(Given data)

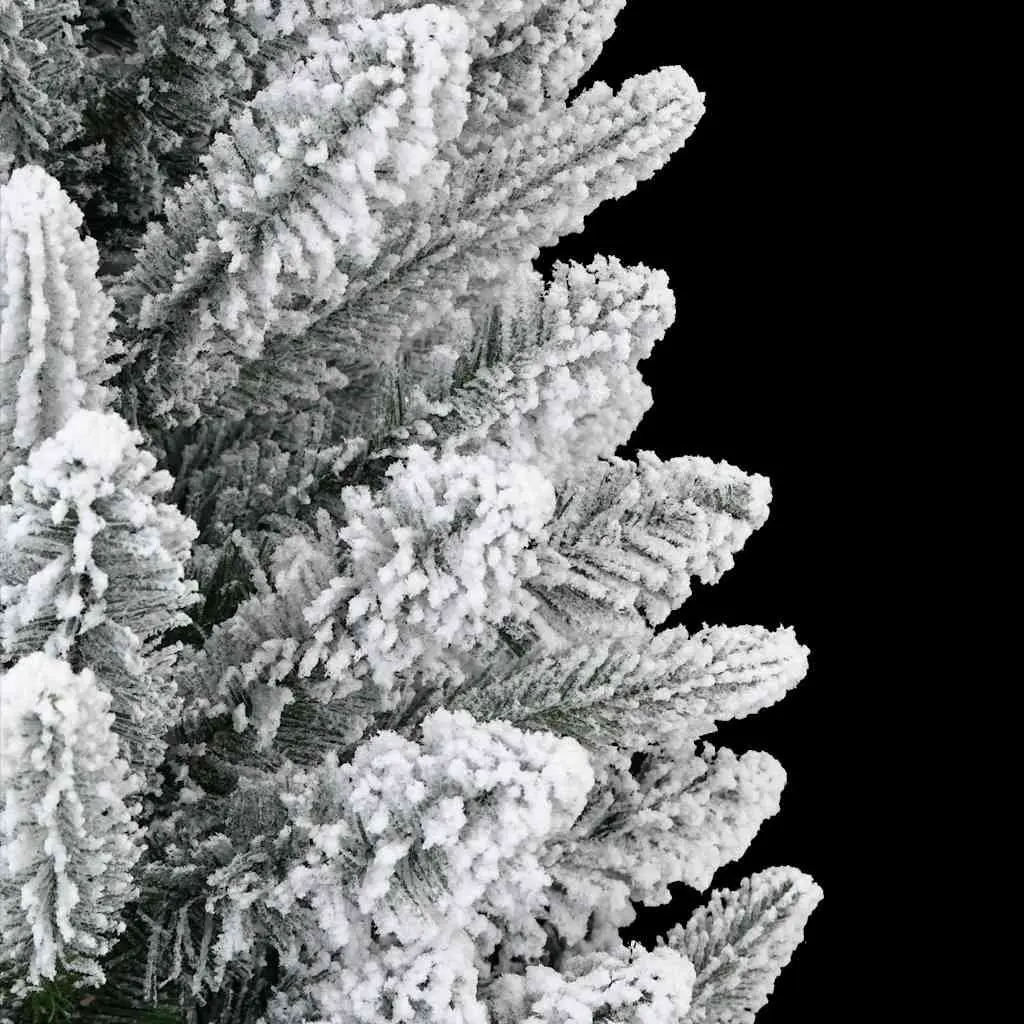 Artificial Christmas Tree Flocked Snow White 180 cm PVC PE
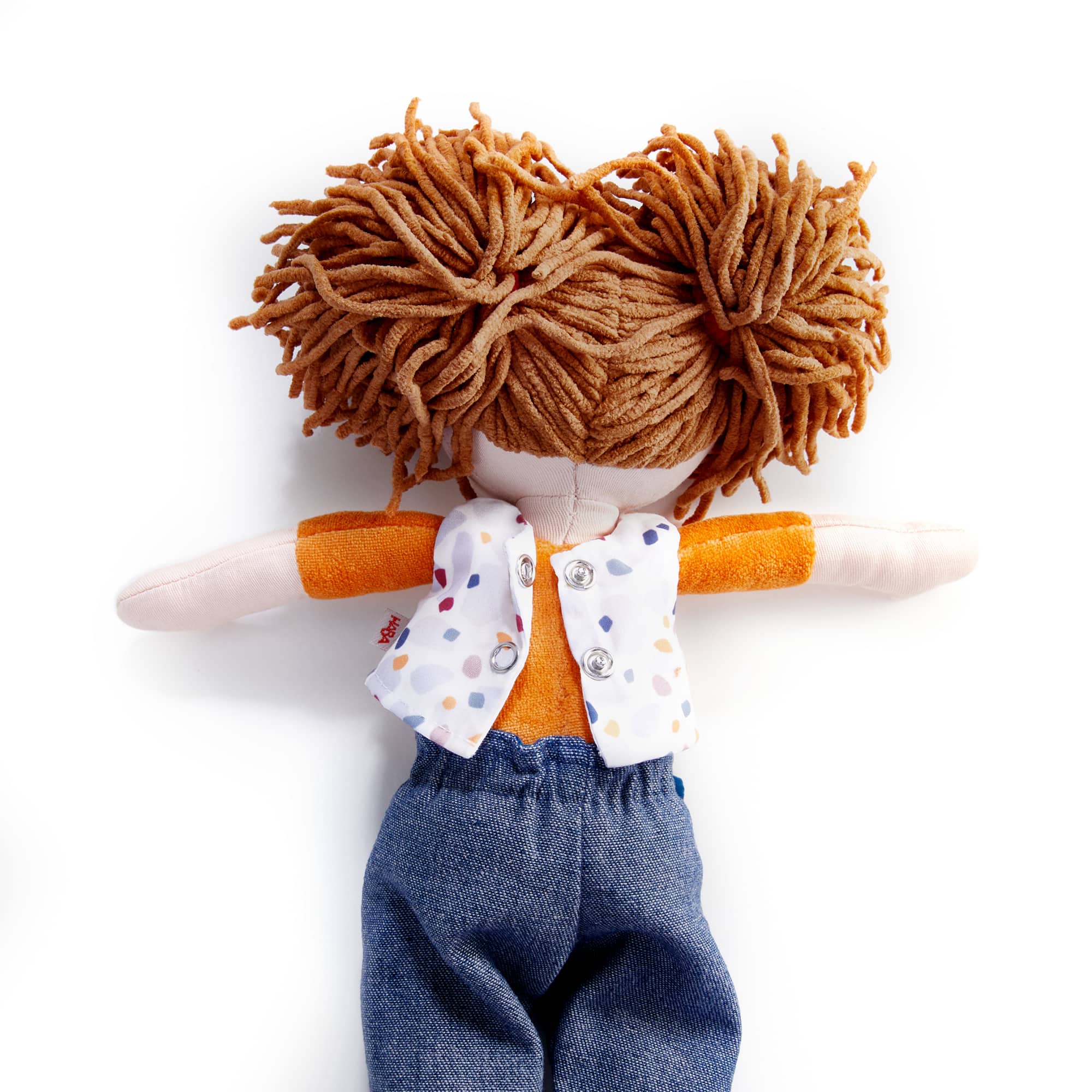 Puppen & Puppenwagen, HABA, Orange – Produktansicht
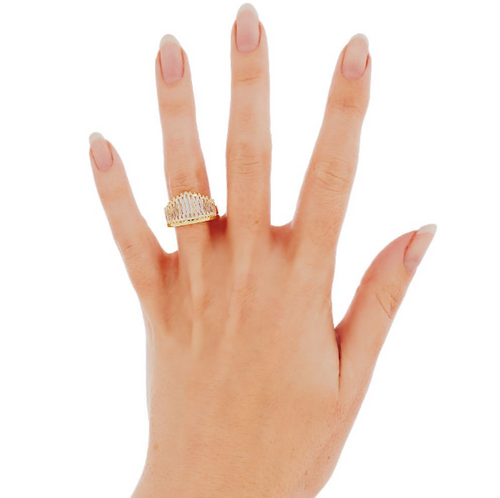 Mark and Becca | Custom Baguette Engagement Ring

(End Given data)

§ Task item
Word for word, repeat the lines of data above, omitting every picture.

§ Solved problem
 Artificial Christmas Tree Flocked Snow White 180 cm PVC PE
 Puppen & Puppenwagen, HABA, Orange – Produktansicht
 Mark and Becca | Custom Baguette Engagement Ring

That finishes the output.